Replication improves availability and read scale. It does not magically make writes free or consistency perfect.

Replication Basics

Primary database:

accepts writes
often serves some reads

Replicas:

receive changes from the primary
usually serve reads
may be promoted during failover

Synchronous vs Asynchronous

Synchronous replication

Primary waits for replica acknowledgement before confirming commit.

Pros:

stronger durability guarantees

Cons:

higher write latency
availability tradeoff if replicas are unhealthy

Asynchronous replication

Primary commits locally and replicas catch up later.

Pros:

lower write latency

Cons:

replica lag
possible data loss window on failover

Read Replicas

Read replicas help when reads dominate and your application can tolerate some staleness.

Common issues:

user writes data then immediately reads stale replica
analytics query overloads a replica
lag spikes under write bursts

Typical fix for read-after-write paths:

route those reads to primary for a short time window

Failover

Failover means promoting a replica when the primary becomes unavailable.

Questions to ask:

how is failure detected
who promotes the replica
how fast do clients reconnect
what happens to in-flight writes

Database failover is not finished when the replica is promoted.
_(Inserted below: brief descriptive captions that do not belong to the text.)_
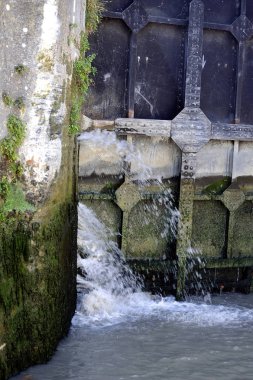 Fonserannes Canal du Midi üzerinde bir kilit geçiş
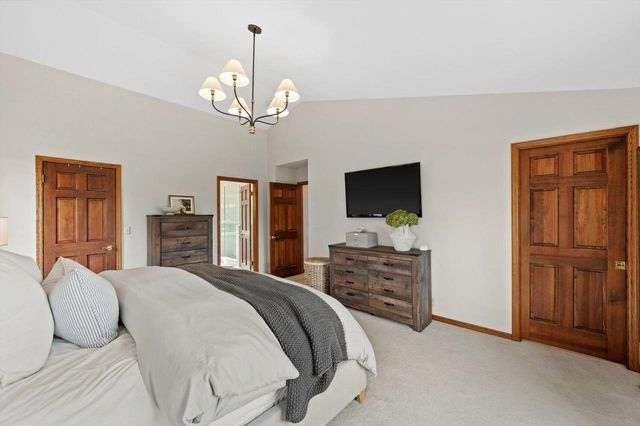 W308N1801 Westlake CIRCLE, Delafield, WI 53018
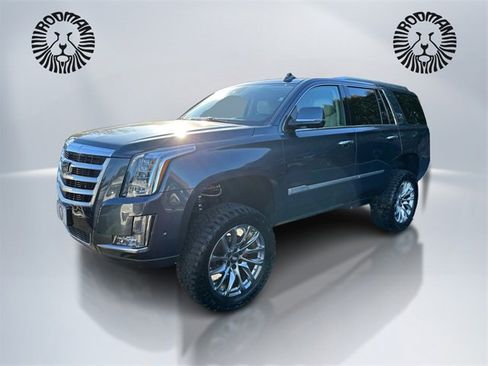 Used 2020 Cadillac Escalade Luxury image 1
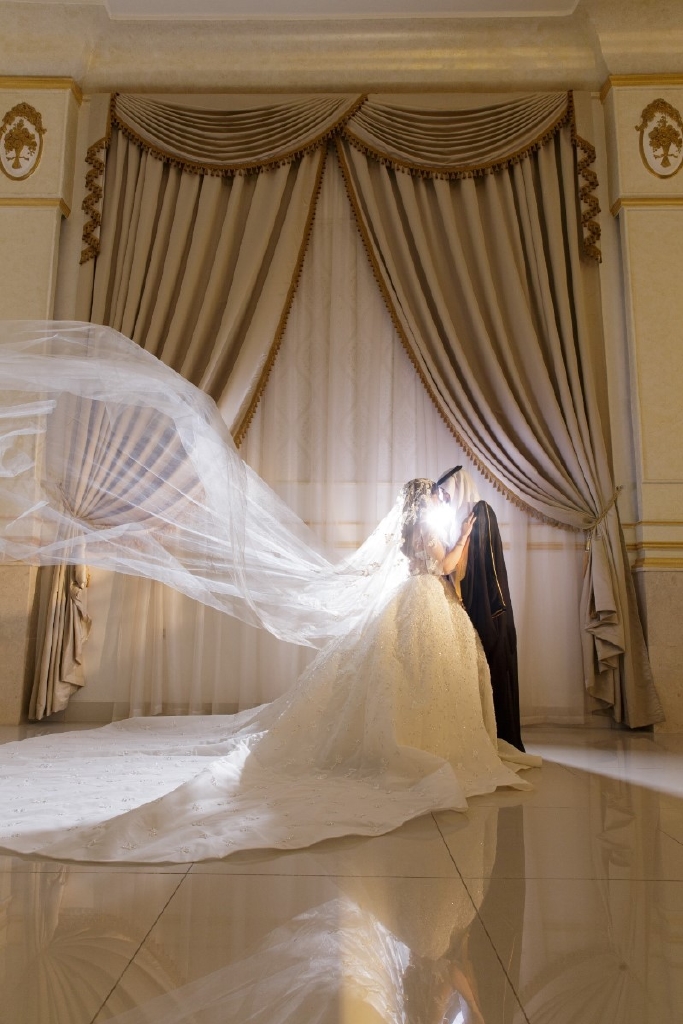 من لقطات العروسين من المصورة الاء الحارثي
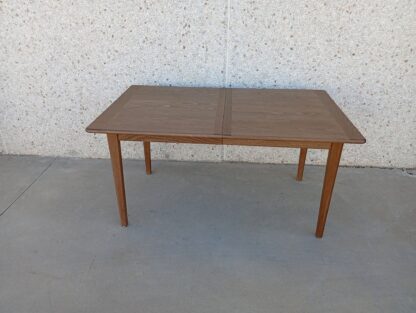 Mesa comedor madera oscura extensible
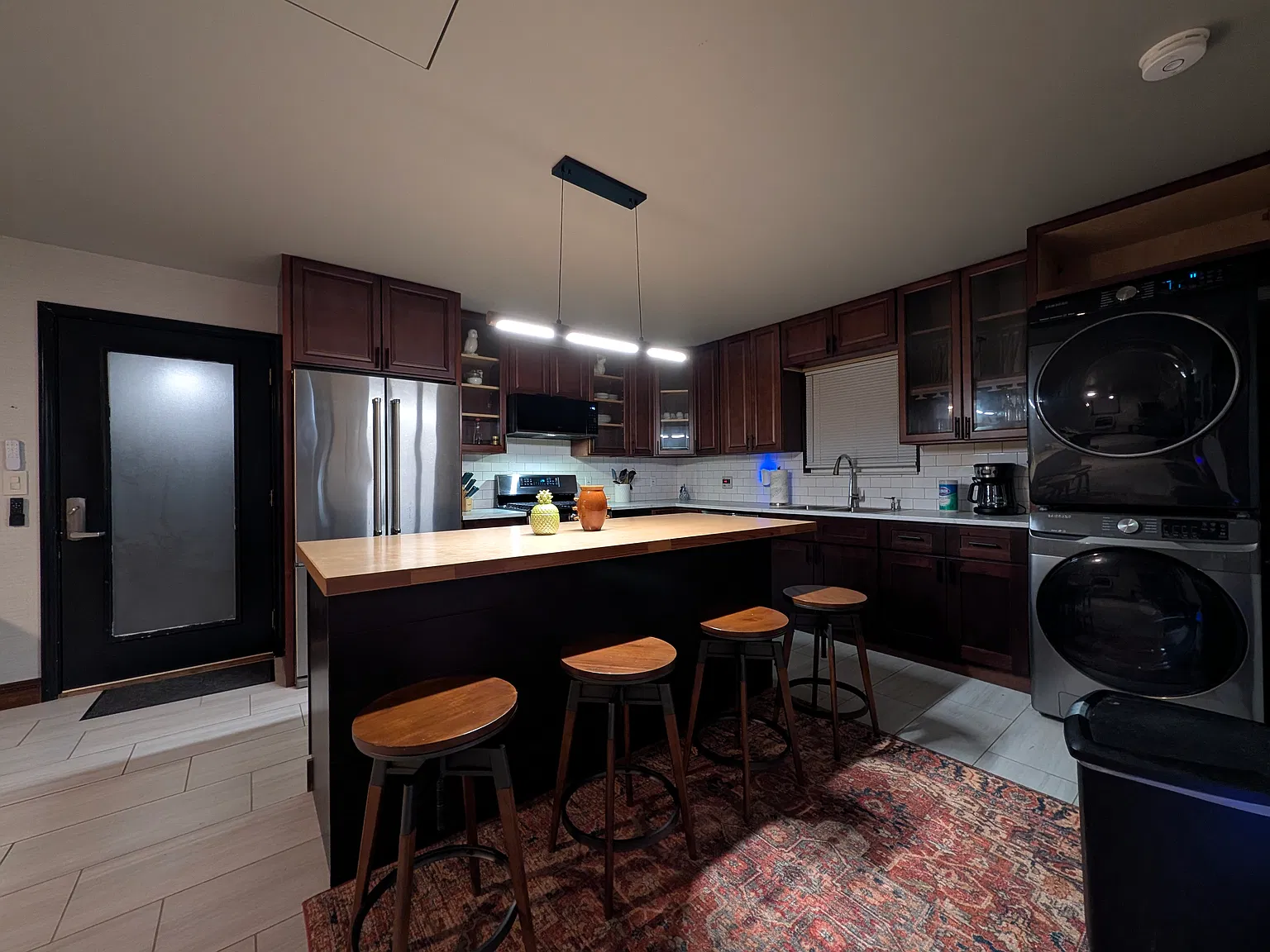 1 bed, 1.5 bath, 728 sqft, $2,000 — Photo 3
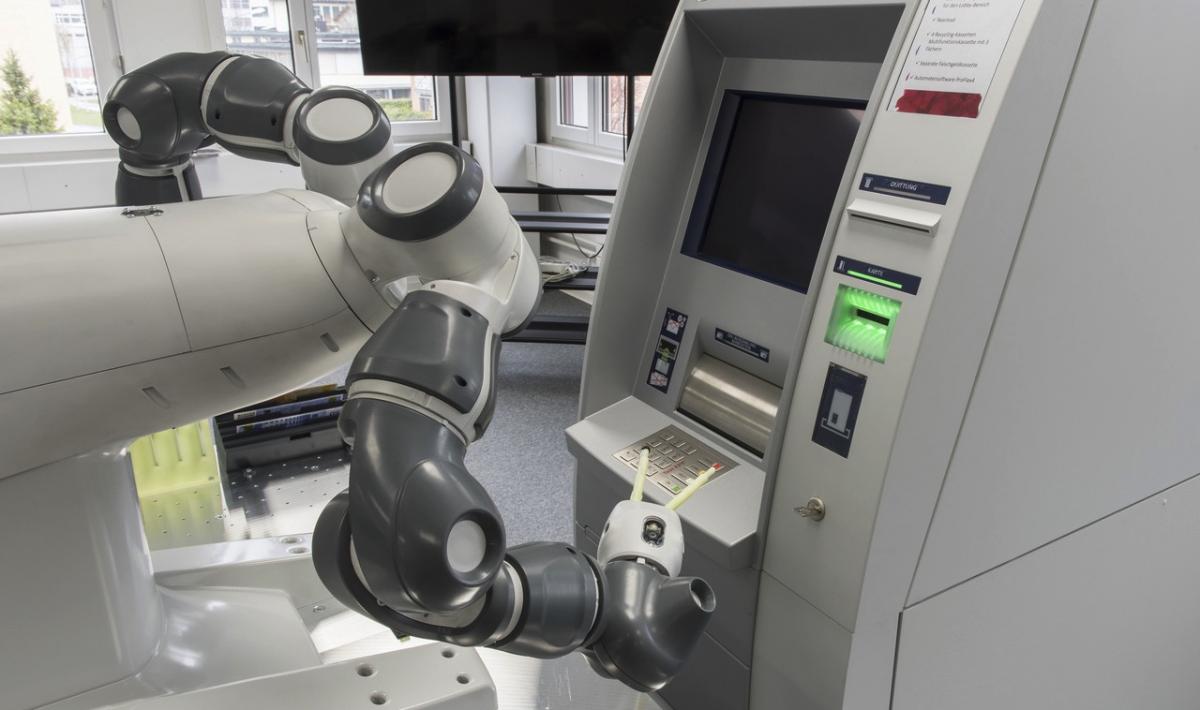 Robot współpracujący ABB testuje bankomaty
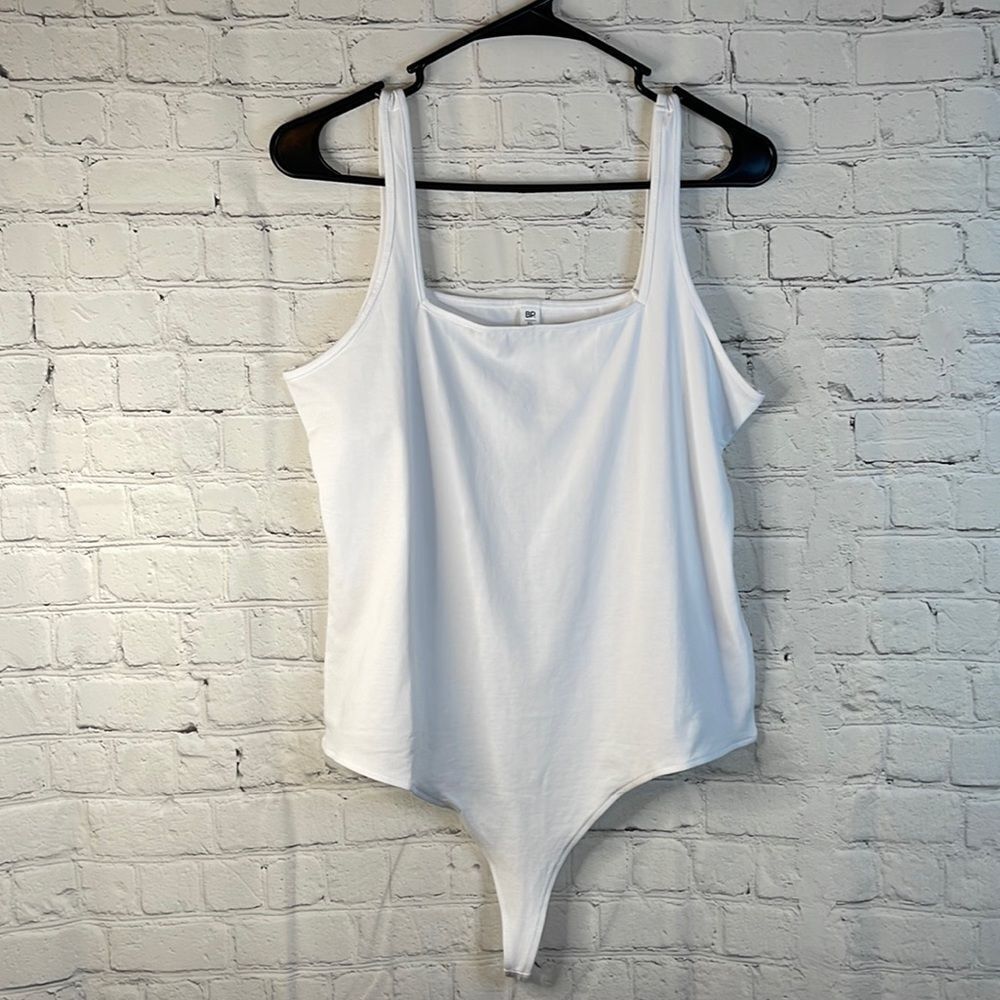 BP White Women's Sleeveless BodySuit,‎ Size xl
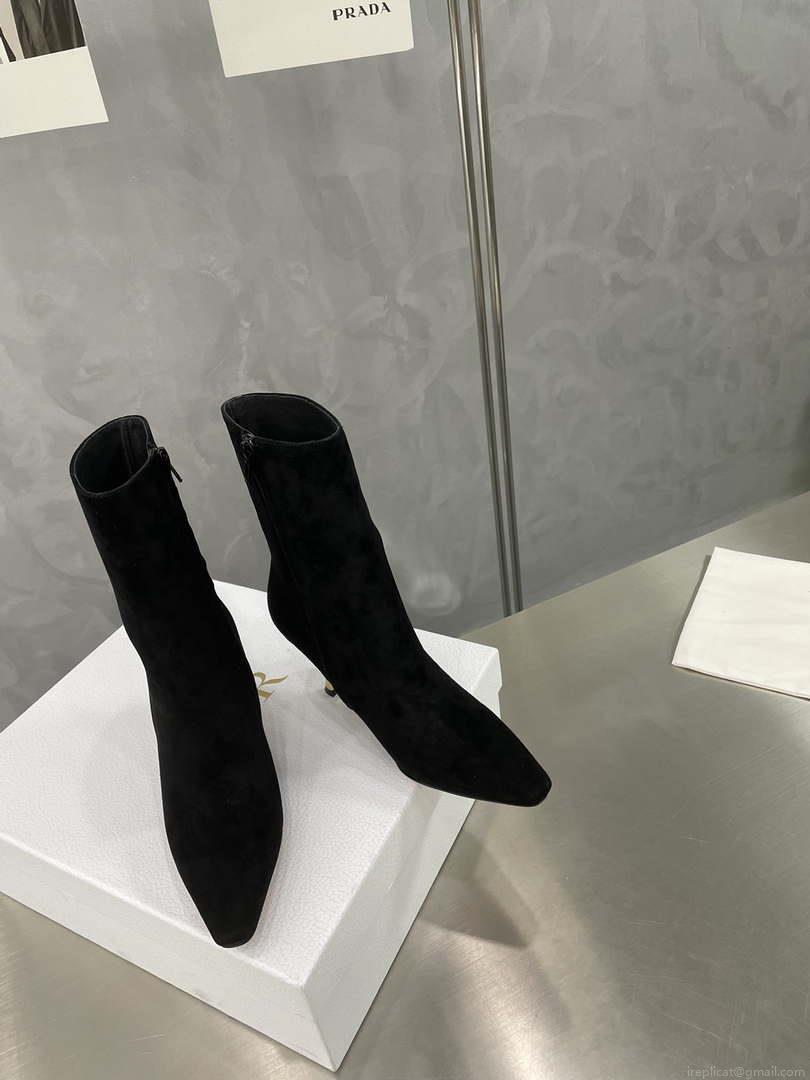 Dior Women’s Shoes – D-Fame Heeled Angle Boot – KCI806VVV_S900 – # 192879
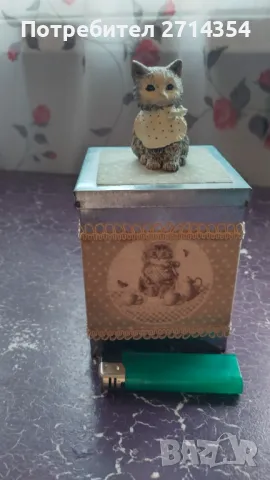 Стара кутия с  фигурка коте 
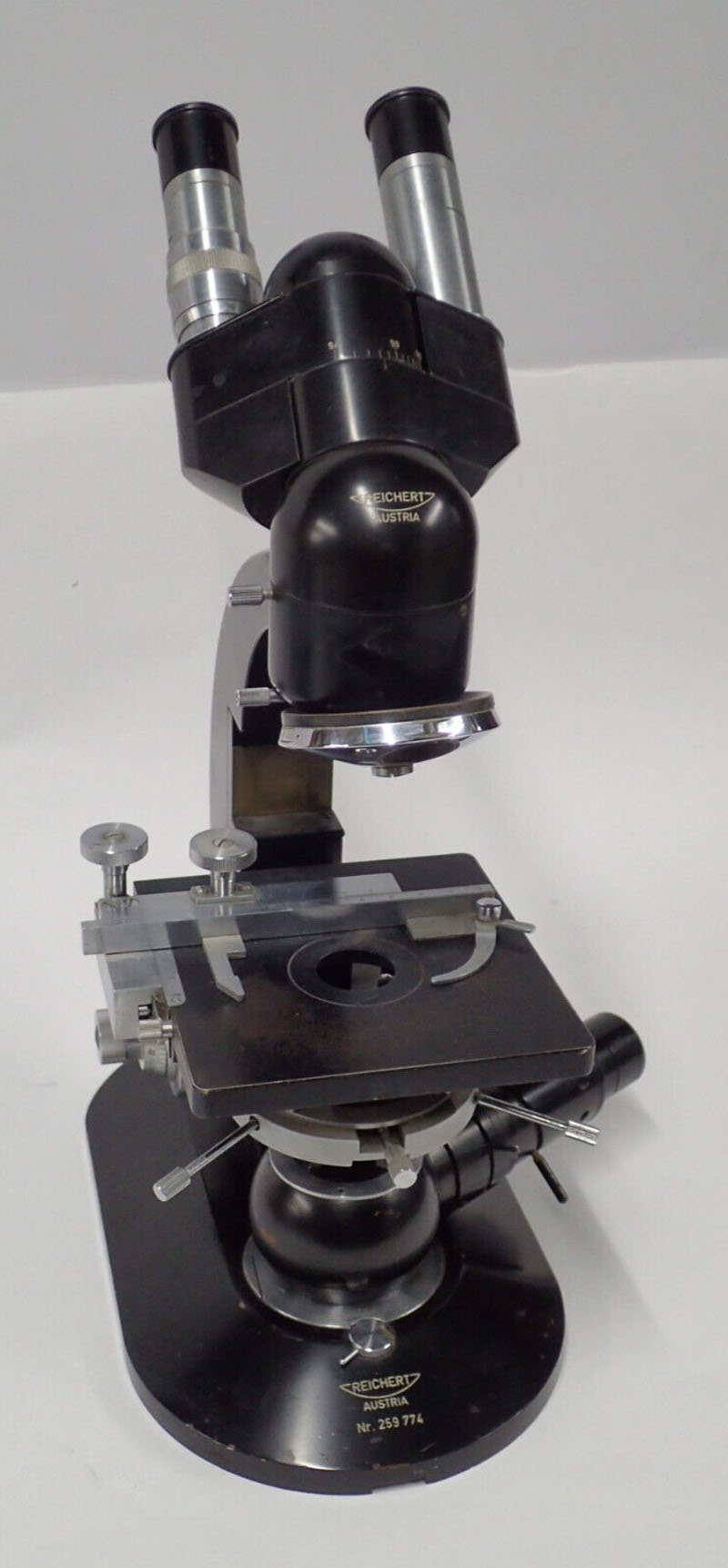 Reichert Biozet 252 383 Binocular Microscope With -10/0.25,100/1.25,40/0.65 LEITZ 2417 Objectives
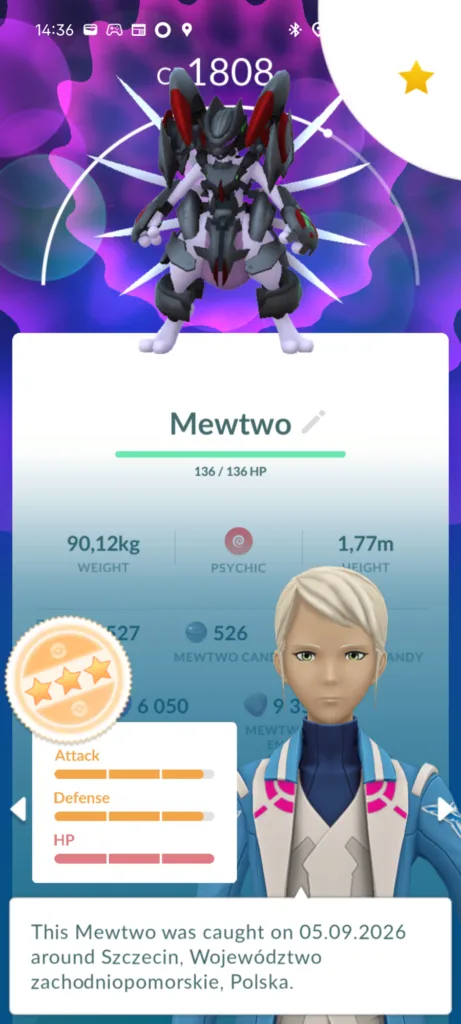 Postac Mewtwo z gry Pokemon Go w swojej pancernej formie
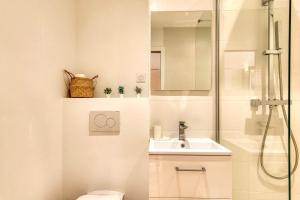 Appartements L-Oasis - Bel appart climatise quartier point du jour Lyon 5 : photos des chambres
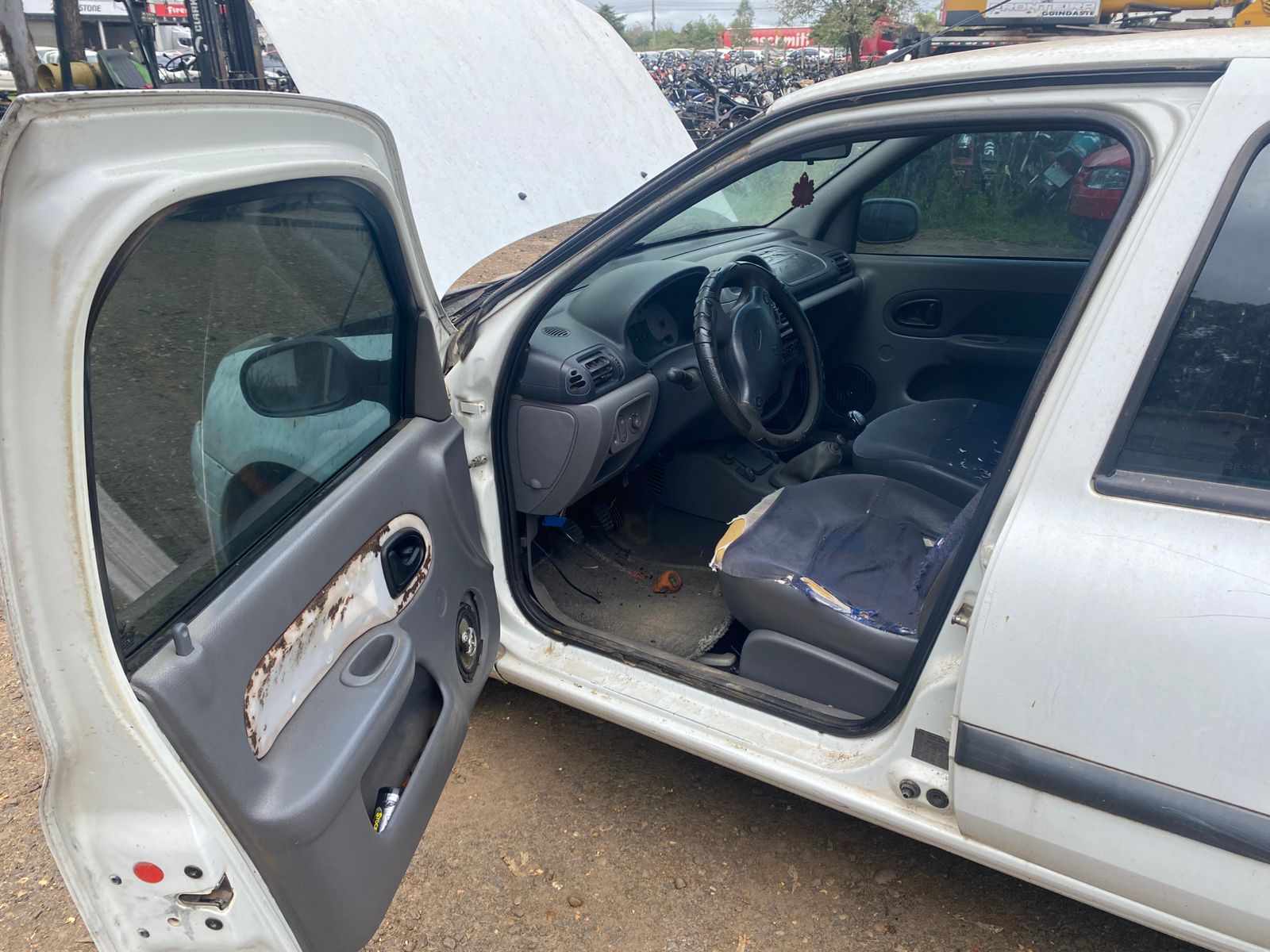 Clio 1.0 2001 Branco recolhido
The app must also reconnect cleanly.

Interview Answer

Why use replication?

To improve availability, disaster recovery posture, and read scalability.

What is the main tradeoff?

The core tradeoff is consistency versus latency and availability. Asynchronous replication is faster but allows lag and some failover data loss risk, while synchronous replication reduces that risk at the cost of write latency and resilience.